Exercise directions: The answer is the first line of the listing and every line after it through the one containing "由一些超级生动绿色植物构成的背景图片", exact, with pictures removed.

Task input:
-- Opening Marker --

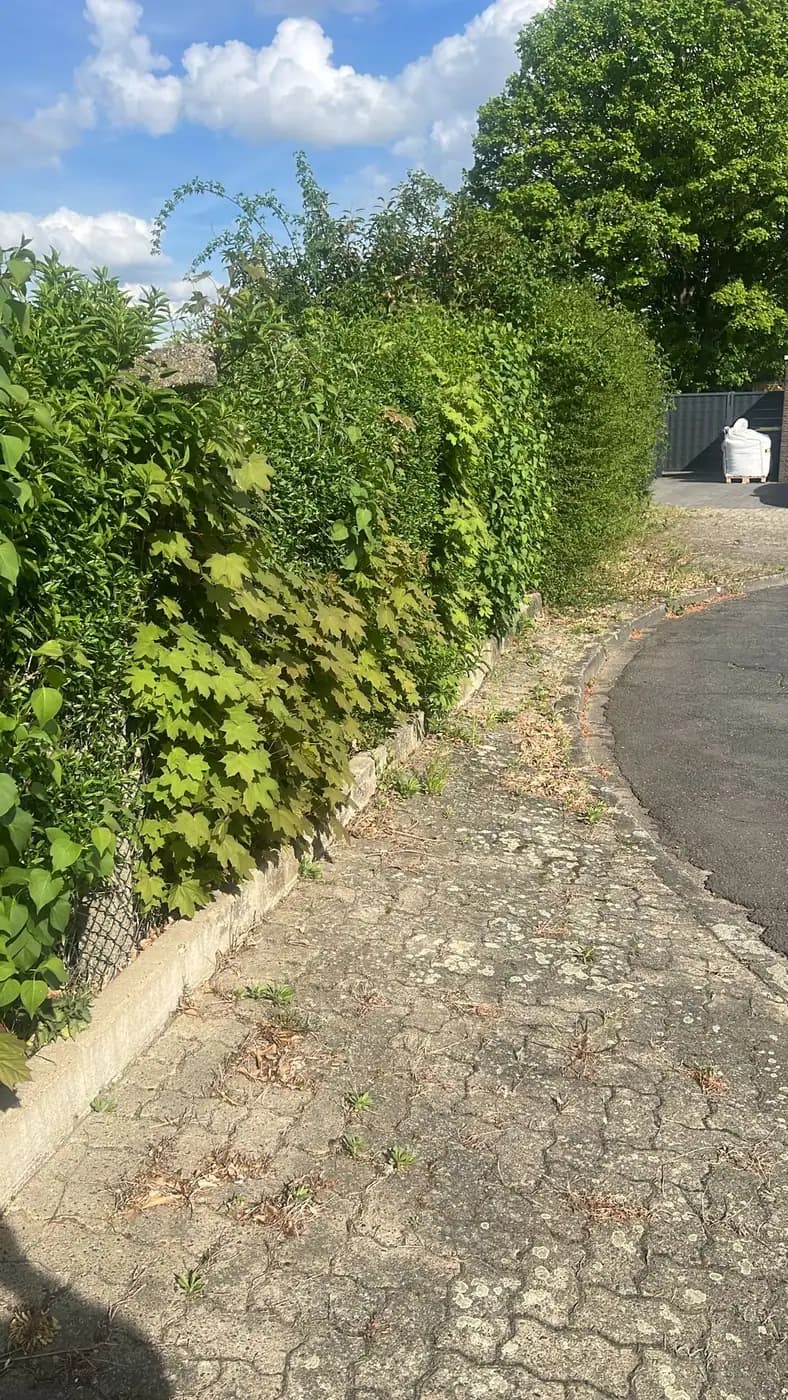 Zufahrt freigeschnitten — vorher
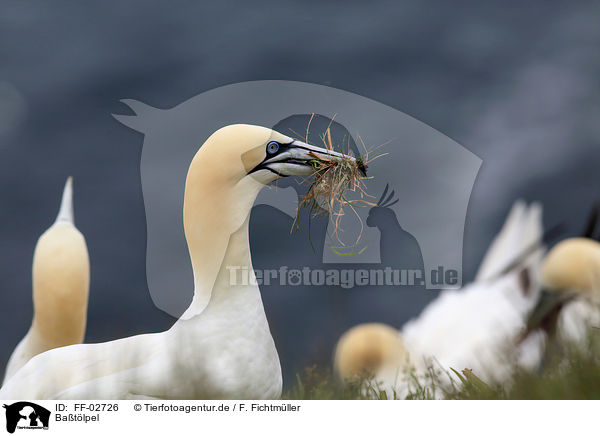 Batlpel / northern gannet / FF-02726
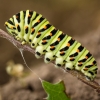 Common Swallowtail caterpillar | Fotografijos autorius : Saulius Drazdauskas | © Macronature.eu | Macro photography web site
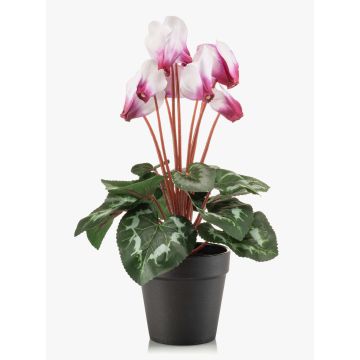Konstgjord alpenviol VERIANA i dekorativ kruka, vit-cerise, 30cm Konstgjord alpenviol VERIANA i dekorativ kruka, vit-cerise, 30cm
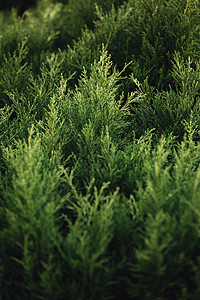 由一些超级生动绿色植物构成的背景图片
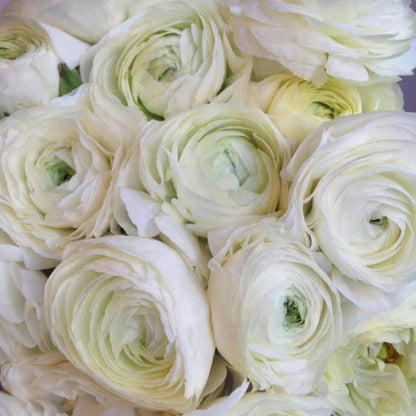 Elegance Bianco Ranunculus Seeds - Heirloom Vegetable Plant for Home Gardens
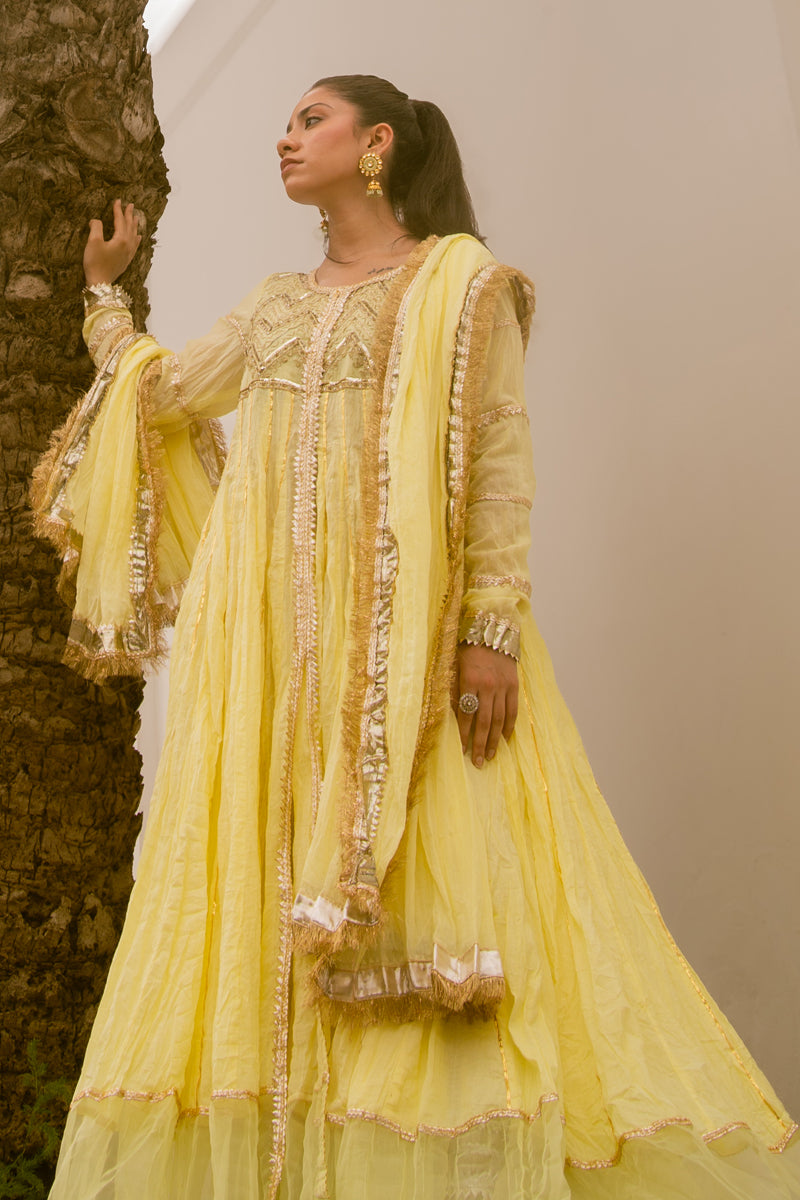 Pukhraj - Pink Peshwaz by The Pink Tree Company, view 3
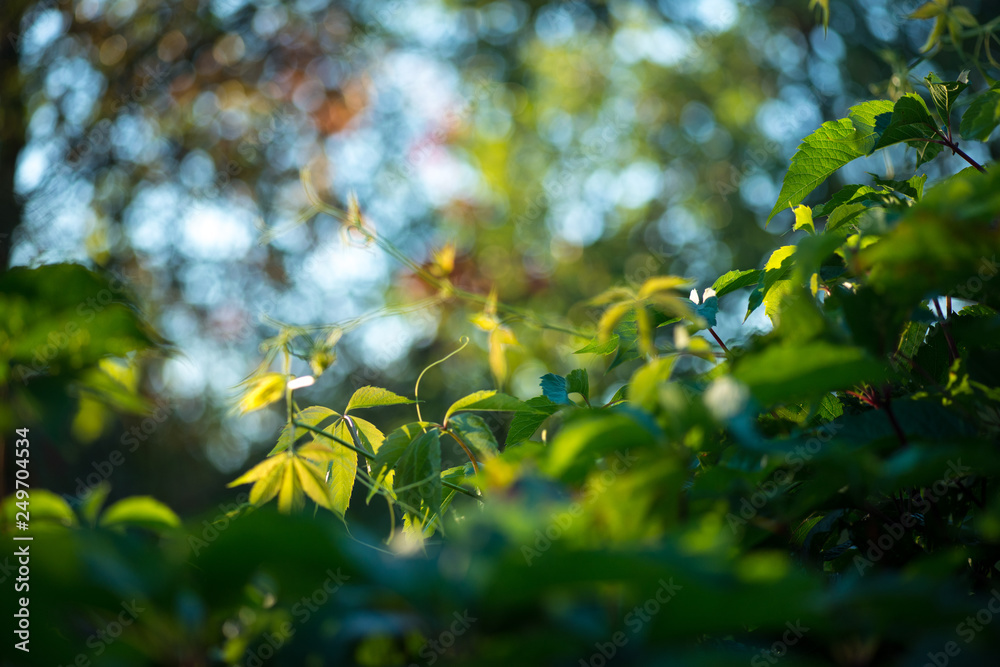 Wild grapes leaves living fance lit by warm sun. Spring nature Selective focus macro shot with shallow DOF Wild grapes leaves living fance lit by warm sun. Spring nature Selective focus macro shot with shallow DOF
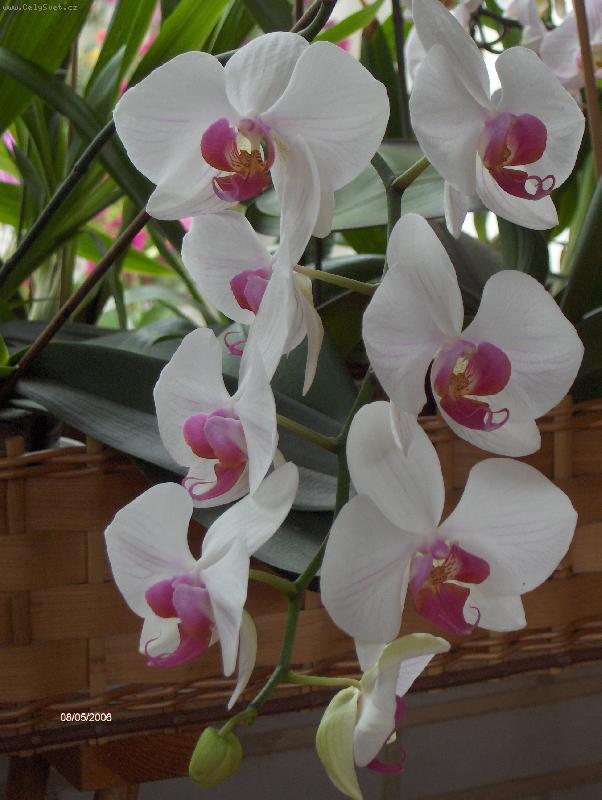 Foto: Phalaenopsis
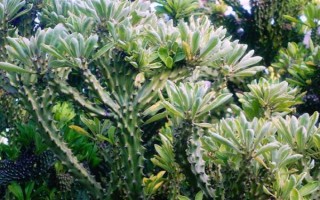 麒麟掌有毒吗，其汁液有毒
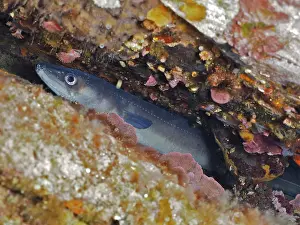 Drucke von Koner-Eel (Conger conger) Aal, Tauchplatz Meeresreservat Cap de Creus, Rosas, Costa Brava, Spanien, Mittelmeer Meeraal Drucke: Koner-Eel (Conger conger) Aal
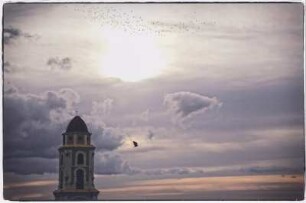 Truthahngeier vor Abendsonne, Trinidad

-- Closing Marker --

Exercise answer:
 Zufahrt freigeschnitten — vorher
 Batlpel / northern gannet / FF-02726
 Common Swallowtail caterpillar | Fotografijos autorius : Saulius Drazdauskas | © Macronature.eu | Macro photography web site
Konstgjord alpenviol VERIANA i dekorativ kruka, vit-cerise, 30cm Konstgjord alpenviol VERIANA i dekorativ kruka, vit-cerise, 30cm
 由一些超级生动绿色植物构成的背景图片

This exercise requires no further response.